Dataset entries
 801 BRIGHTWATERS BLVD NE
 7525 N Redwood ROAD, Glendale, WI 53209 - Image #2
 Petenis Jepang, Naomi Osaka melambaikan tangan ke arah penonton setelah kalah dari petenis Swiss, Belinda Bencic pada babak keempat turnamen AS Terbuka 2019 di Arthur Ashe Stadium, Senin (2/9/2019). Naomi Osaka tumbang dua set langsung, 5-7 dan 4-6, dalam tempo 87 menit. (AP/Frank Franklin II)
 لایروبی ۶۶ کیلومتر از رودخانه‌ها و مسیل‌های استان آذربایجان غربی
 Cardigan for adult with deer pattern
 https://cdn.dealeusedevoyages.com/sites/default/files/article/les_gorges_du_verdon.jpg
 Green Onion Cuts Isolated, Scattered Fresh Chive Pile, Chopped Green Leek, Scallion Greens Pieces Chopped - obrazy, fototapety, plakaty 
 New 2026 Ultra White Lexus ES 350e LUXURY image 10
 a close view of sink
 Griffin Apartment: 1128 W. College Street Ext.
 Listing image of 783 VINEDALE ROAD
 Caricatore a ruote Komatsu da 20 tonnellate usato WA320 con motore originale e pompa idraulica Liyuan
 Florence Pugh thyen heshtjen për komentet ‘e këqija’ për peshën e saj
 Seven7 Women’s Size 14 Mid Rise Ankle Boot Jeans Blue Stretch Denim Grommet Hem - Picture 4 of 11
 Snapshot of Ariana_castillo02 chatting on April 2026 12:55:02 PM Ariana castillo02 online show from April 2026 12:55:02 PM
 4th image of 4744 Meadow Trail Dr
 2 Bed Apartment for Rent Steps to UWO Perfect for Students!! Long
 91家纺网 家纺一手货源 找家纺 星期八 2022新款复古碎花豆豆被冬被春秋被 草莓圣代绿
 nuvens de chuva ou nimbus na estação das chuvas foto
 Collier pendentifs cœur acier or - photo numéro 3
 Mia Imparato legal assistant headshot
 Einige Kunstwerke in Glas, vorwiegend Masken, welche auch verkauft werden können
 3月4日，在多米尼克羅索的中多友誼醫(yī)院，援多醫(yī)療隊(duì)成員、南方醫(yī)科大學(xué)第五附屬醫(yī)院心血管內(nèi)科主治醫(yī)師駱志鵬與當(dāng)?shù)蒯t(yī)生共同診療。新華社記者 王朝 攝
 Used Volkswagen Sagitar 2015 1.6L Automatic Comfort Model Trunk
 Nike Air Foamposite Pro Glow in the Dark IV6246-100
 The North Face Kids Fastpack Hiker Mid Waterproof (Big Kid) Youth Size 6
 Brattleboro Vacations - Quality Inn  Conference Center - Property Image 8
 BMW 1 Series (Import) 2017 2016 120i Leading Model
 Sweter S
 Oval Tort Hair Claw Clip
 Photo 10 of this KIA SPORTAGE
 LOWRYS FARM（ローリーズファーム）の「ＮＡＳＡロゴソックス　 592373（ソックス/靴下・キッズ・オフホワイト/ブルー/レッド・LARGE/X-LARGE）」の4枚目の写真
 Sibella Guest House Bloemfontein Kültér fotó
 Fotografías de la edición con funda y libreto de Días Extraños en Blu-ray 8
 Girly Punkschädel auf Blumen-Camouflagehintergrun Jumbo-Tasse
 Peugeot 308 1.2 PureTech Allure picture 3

**Exercise aim**
With nothing left out, print the data above exactly.

**Output for this exercise**
 801 BRIGHTWATERS BLVD NE
 7525 N Redwood ROAD, Glendale, WI 53209 - Image #2
 Petenis Jepang, Naomi Osaka melambaikan tangan ke arah penonton setelah kalah dari petenis Swiss, Belinda Bencic pada babak keempat turnamen AS Terbuka 2019 di Arthur Ashe Stadium, Senin (2/9/2019). Naomi Osaka tumbang dua set langsung, 5-7 dan 4-6, dalam tempo 87 menit. (AP/Frank Franklin II)
 لایروبی ۶۶ کیلومتر از رودخانه‌ها و مسیل‌های استان آذربایجان غربی
 Cardigan for adult with deer pattern
 https://cdn.dealeusedevoyages.com/sites/default/files/article/les_gorges_du_verdon.jpg
 Green Onion Cuts Isolated, Scattered Fresh Chive Pile, Chopped Green Leek, Scallion Greens Pieces Chopped - obrazy, fototapety, plakaty 
 New 2026 Ultra White Lexus ES 350e LUXURY image 10
 a close view of sink
 Griffin Apartment: 1128 W. College Street Ext.
 Listing image of 783 VINEDALE ROAD
 Caricatore a ruote Komatsu da 20 tonnellate usato WA320 con motore originale e pompa idraulica Liyuan
 Florence Pugh thyen heshtjen për komentet ‘e këqija’ për peshën e saj
 Seven7 Women’s Size 14 Mid Rise Ankle Boot Jeans Blue Stretch Denim Grommet Hem - Picture 4 of 11
 Snapshot of Ariana_castillo02 chatting on April 2026 12:55:02 PM Ariana castillo02 online show from April 2026 12:55:02 PM
 4th image of 4744 Meadow Trail Dr
 2 Bed Apartment for Rent Steps to UWO Perfect for Students!! Long
 91家纺网 家纺一手货源 找家纺 星期八 2022新款复古碎花豆豆被冬被春秋被 草莓圣代绿
 nuvens de chuva ou nimbus na estação das chuvas foto
 Collier pendentifs cœur acier or - photo numéro 3
 Mia Imparato legal assistant headshot
 Einige Kunstwerke in Glas, vorwiegend Masken, welche auch verkauft werden können
 3月4日，在多米尼克羅索的中多友誼醫(yī)院，援多醫(yī)療隊(duì)成員、南方醫(yī)科大學(xué)第五附屬醫(yī)院心血管內(nèi)科主治醫(yī)師駱志鵬與當(dāng)?shù)蒯t(yī)生共同診療。新華社記者 王朝 攝
 Used Volkswagen Sagitar 2015 1.6L Automatic Comfort Model Trunk
 Nike Air Foamposite Pro Glow in the Dark IV6246-100
 The North Face Kids Fastpack Hiker Mid Waterproof (Big Kid) Youth Size 6
 Brattleboro Vacations - Quality Inn  Conference Center - Property Image 8
 BMW 1 Series (Import) 2017 2016 120i Leading Model
 Sweter S
 Oval Tort Hair Claw Clip
 Photo 10 of this KIA SPORTAGE
 LOWRYS FARM（ローリーズファーム）の「ＮＡＳＡロゴソックス　 592373（ソックス/靴下・キッズ・オフホワイト/ブルー/レッド・LARGE/X-LARGE）」の4枚目の写真
 Sibella Guest House Bloemfontein Kültér fotó
 Fotografías de la edición con funda y libreto de Días Extraños en Blu-ray 8
 Girly Punkschädel auf Blumen-Camouflagehintergrun Jumbo-Tasse
 Peugeot 308 1.2 PureTech Allure picture 3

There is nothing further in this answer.